As for how exactly the Doodle does this, it uses a machine learning model called Coconet. Exactly how Coconet works is probably best left to be described by its creators but the short version is this: Coconet uses a resource of many of Bach’s chorales (4 part counterpoint writing) and erases notes from the score and the machine is tasked with calculating what the missing notes should be. The positive feedback being fed back into the machine from the results in this case is whether or not the machine produced the notes to fill in the blanks that Bach himself would have used.
Google’s Bach Doodle has some flaws. When I used it I noticed that it would sometimes break many of the rules of baroque counterpoint (parallel fifths and octaves, not resolving 7ths properly, voice leading issues), but it does undoubtedly occasionally come up with some very convincing harmonisations. For a look over some of the shortcomings of the harmonisations, I would recommend this video by Adam Neely. The inaccuracies of the program when compared to baroque counterpoint writing is not its biggest flaw. No, its biggest flaw is a failure to understand what made Bach’s music Bach: innovation and taste. This is what AI cannot account for. As any frustrated harmony student will tell you, Bach broke many of his own rules. Sometimes, he wrote entire fugues based on subjects that seem to directly defy those rules, and yet the music still works. The genius of Bach was knowing when to break the rules and why it would work.
Coconet was developed by a team at Magenta in collaboration with Google
What’s more, often particular parts of melody could just as validly and “legally” (in terms of the conventions of counterpoint writing) be harmonised in several different ways. A composer in this situation would be tasked with deciding what would be the best choice based not on a set of rules of harmony or part-leading, but instead on a subjective judgement of what would work better in the context. It is in that innately human flexibility that AI falls short of Bach.

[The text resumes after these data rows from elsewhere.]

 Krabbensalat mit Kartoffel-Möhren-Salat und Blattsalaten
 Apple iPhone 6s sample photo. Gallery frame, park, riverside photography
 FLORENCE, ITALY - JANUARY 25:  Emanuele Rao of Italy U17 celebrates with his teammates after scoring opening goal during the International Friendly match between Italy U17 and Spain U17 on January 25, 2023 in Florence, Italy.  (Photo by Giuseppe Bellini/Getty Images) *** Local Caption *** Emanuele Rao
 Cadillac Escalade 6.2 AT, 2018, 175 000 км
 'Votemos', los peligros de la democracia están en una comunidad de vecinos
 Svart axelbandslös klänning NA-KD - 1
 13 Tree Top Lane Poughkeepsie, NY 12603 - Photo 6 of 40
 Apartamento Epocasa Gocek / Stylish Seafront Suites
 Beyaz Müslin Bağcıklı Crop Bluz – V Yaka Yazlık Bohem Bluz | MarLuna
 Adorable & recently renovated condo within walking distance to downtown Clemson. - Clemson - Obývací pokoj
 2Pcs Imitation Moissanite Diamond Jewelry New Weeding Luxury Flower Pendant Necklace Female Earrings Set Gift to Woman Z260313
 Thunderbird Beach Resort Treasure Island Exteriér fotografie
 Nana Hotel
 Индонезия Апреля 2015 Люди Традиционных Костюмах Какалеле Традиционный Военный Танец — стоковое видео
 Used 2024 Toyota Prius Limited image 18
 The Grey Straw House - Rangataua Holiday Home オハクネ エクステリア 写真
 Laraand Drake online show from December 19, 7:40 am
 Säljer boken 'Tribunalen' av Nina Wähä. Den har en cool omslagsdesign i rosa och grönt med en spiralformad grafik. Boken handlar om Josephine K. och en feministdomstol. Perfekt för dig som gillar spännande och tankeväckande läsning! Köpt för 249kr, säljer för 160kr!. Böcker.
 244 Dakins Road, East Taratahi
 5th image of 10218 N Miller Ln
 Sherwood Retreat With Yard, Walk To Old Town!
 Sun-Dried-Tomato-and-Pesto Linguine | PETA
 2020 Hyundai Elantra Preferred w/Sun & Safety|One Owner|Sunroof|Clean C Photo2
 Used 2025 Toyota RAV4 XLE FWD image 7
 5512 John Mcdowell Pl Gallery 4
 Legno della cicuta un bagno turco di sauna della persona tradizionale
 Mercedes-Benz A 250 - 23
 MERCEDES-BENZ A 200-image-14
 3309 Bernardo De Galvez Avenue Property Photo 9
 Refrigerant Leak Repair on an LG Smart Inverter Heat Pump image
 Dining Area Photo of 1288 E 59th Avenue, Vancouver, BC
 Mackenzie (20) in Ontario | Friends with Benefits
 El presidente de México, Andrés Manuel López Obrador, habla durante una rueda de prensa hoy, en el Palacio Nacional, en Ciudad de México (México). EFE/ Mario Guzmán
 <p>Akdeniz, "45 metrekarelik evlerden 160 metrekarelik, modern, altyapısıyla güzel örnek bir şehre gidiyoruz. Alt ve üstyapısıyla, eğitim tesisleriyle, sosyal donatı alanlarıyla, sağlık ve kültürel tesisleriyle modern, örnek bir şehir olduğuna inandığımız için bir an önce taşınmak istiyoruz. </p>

However, this is not to say that the AI isn’t very impressive. It is. In fact, when one realises that this program is not attempting to “automate” Bach, as many seem to have interpreted it, you can really begin to appreciate what exactly the minds behind this AI were hoping to achieve. The AI managed to successfully “learn” many of the rules of harmony from the baroque period just by looking at the music of that period. Without much if any outside information, the program managed to learn complex rules and functions that form the foundation of baroque music, simply by looking at and analysing baroque music itself. That is really cool, and for that I think that computer deserves a cookie (I’ll stop now, the music pun was bad enough without tech ones too….).
Coconet and Magenta offer composers and creatives a new opportunity to create and express themselves with the assistance of AI tools. Machine learning can become a part of the creative and compositional process, and the Google Doodle is importantly not the final, or even necessarily intended, purpose for such software. The Doodle, if anything, is a demonstration of the developing power of machine learning and its potential applications within the music sphere; a power that, like all technological innovations, may seem scary at first, but will prove to help enhance what we do in the creative sphere, rather than supplant it.